Skills for the future report

Evolution not revolution: A skills perspective on advancing net zero

Northern Ireland needs a ‘skills evolution’ rather than a ‘skills revolution’ amongst its current workforce, a report investigating the skills required for a transition to a greener economy has found.

Contextualising the publication of the skills perspective for transitioning to a greener economy, current plans to deliver a new renewables-focused regional strategic planning policy due for delivery in 2024 include:

  • the delivery of an industry-led green skills delivery plan;
  • the development of a net zero accelerator fund; and
  • the launch of a public consultation on a new fuel poverty strategy.

Transitioning to a greener economy – a skills perspective, a research project led by Energy and Utility Skills aims to include the intelligence needed to ensure that all organisations involved in the advanced zero emission play their part in delivering the required skilled workforce. Consequentially, it aims to maximise the benefits to all sections of the Northern Ireland population.

Covering eight relevant industries, the research outlines areas that are critical to the Northern Ireland economy moving forward. These are: large scale energy production, infrastructure, domestic low carbon technologies and energy efficiency, industrial processes, circular economy, transport, agriculture, and fisheries.

Industry-specific skills

Across the green industries and circular economy, the report states that there are industry-specific and generic skills that are growing in demand and will be crucial to achieving the transition to a net zero economy in Northern Ireland.

“Business skills such as project management, business and commercial, customer/stakeholder engagement, risk management and data analysis will not only be essential to the development of these industries, but they will also be demanded by a wider range of job roles than ever before,” the research outlines.

Additionally, the report acknowledges that digital skills and multi-skilling are increasingly crucial in jobs across all sectors, including those in the field workforce.

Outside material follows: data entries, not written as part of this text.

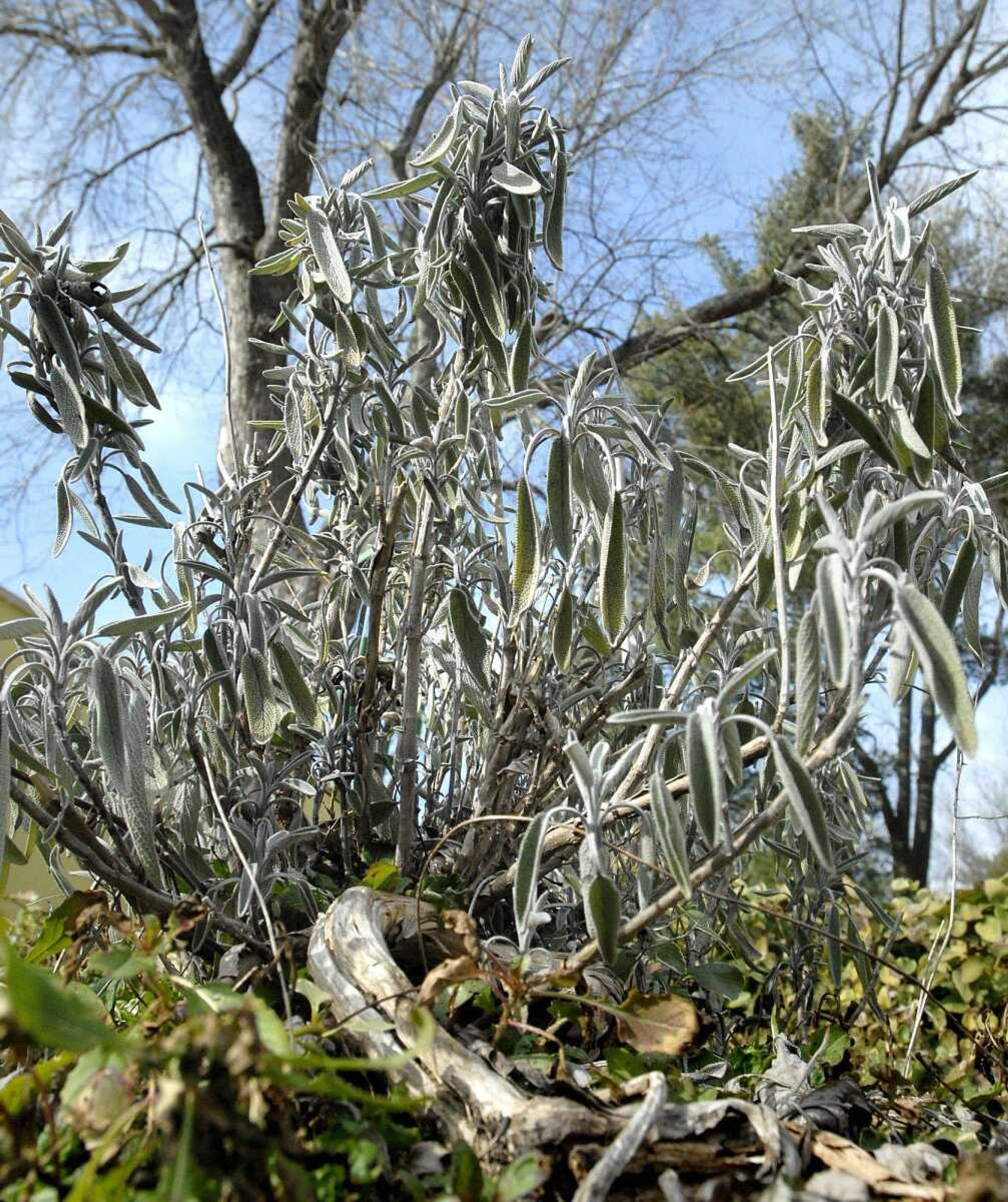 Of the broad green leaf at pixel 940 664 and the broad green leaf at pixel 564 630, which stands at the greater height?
the broad green leaf at pixel 564 630

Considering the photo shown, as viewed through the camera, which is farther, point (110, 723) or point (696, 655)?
point (696, 655)

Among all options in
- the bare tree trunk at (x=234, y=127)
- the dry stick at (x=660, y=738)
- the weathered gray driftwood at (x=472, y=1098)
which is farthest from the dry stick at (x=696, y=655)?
→ the bare tree trunk at (x=234, y=127)

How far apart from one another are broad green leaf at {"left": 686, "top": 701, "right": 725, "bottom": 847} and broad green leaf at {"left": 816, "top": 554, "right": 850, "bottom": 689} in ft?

To accelerate skills growth across all sectors and thus increase the pace of the green transition within the economy, existing education, skills, and training are crucial. Therefore, successful pathways to competency are essential across the relevant workforces.

Educational pathways

Regarding entry-level opportunities, current programmes such as traineeships and the Skill Up programme aim to offer entry routes within the green industries. Additionally, the research acknowledges that current apprenticeships should review what opportunities are currently available within green industries specifically.

The report also acknowledges that further and higher education in Northern Ireland, despite being highly regarded needs to deliver more within current courses to facilitate for the green industry.

Furthermore, there is recognition that due to there being no standalone geoscience degrees available (undergraduate or postgraduate level), current students are travelling outside the region to study within this field, thus potentially leaving further skills shortages amongst the green industries.

In reflection of this, the research identifies that instead of a “skills revolution”, Northern Ireland needs a “skills evolution” amongst its current workforce to achieve a greener economy. To achieve this, upskilling is crucial, with possibilities for micro-credentials and skills passporting acknowledged.

Transferable skills

To decrease skills shortages, the report highlights key areas within current industries that could use transferable skills to accelerate the transition to a greener economy.

Oil and gas are the first industry that has the greatest potential for the supply of skills into green industries, particularly within the offshore wind industry and tidal power generation. Currently, Northern Ireland does not have a historic legacy of offshore engineering. Due to this, it is likely that this would require attracting and retaining these skills from other parts of the UK, Ireland, and further afield.

Advanced manufacturing and engineering is another industry that the research establishes could be upskilled through tailored conversion programmes, due to the natural employment projections suggesting the industries could lose around 14,000 jobs between 2020 and 2035.

Furthermore, fibre and telecom industries can facilitate the transfer of skills and therefore alleviate skills shortages.

The report establishes that on a broader basis, a “careers education, information, and guidance (CEAIG) needs to be reviewed in the context of better articulating up-to-date learning and careers pathways”, with the ultimate aim to “ensure all sections of the community are aware of and have access to meaningful employment in the green industries”.

Targeted promotion on transitioning skills for green industries is beneficial amongst focused groups within society, such as females, the long-term unemployed, those with physical or learning disabilities, or youth employment to further facilitate increased skills production. The research also encourages incentivisation and raising awareness through further educating the various groups in society.

Alleviating skills shortages

The research concludes that in order to alleviate skills shortages within the green industry, it will be important to consider “alternative routes to competence other than formal qualification structures”.

Furthermore, development is needed regarding clearer learning and career pathway opportunities. The report recommends that the Careers and Skills Portal for Northern Ireland should have a clear focus on supporting green industries and the circular economy. Employer input into curricula development is also essential to bring the current provisions up-to-date.

Focusing on a legislative perspective, the research recommends that government stakeholders and industry representatives should reflect on other greener economies, such as those in Scotland and Wales to address common challenges. Moreover, current accreditation and certificates in other regions should be acknowledged to ensure a “ready transfer of skills”.